■ **Input material**:
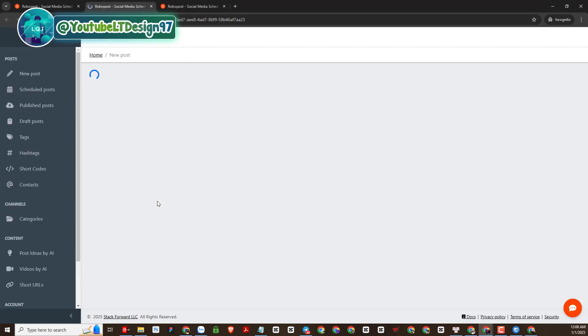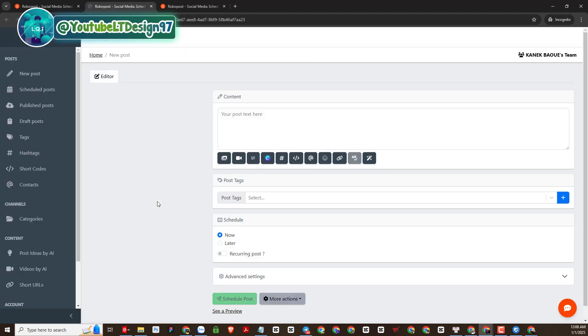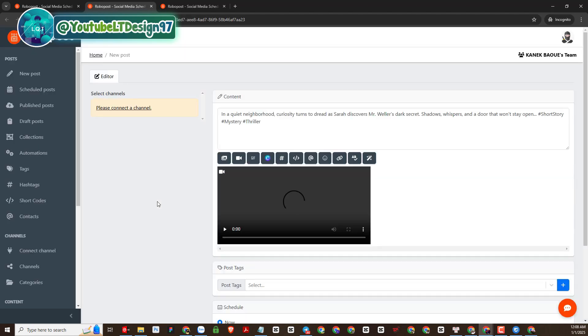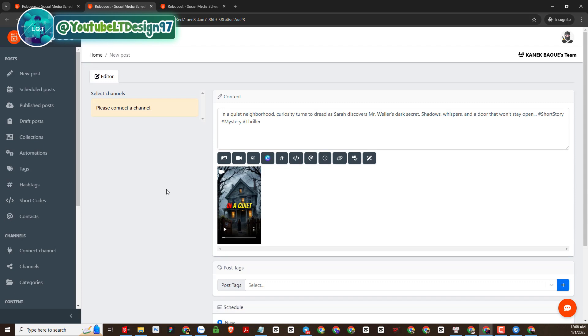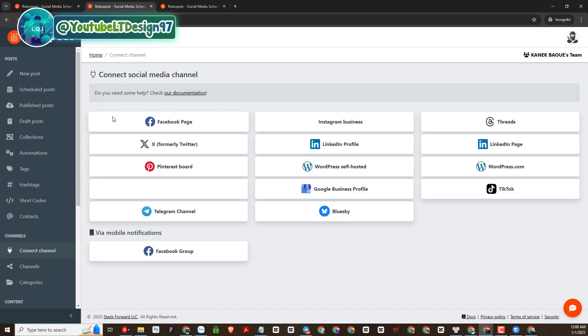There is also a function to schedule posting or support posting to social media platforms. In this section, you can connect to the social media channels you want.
* * *
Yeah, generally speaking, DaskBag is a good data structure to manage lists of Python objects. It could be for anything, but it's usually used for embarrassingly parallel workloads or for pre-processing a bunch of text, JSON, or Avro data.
==
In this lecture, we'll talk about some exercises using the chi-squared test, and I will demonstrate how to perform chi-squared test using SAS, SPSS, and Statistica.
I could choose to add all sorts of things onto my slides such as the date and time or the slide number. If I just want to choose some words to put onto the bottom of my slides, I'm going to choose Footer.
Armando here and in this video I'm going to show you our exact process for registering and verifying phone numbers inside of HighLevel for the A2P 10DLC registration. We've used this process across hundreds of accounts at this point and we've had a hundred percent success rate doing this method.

■ **What is expected**:
Using the listing above, gather each line that holds the string "some" and copy it.

■ **Output of the exercise**:
In this lecture, we'll talk about some exercises using the chi-squared test, and I will demonstrate how to perform chi-squared test using SAS, SPSS, and Statistica.
I could choose to add all sorts of things onto my slides such as the date and time or the slide number. If I just want to choose some words to put onto the bottom of my slides, I'm going to choose Footer.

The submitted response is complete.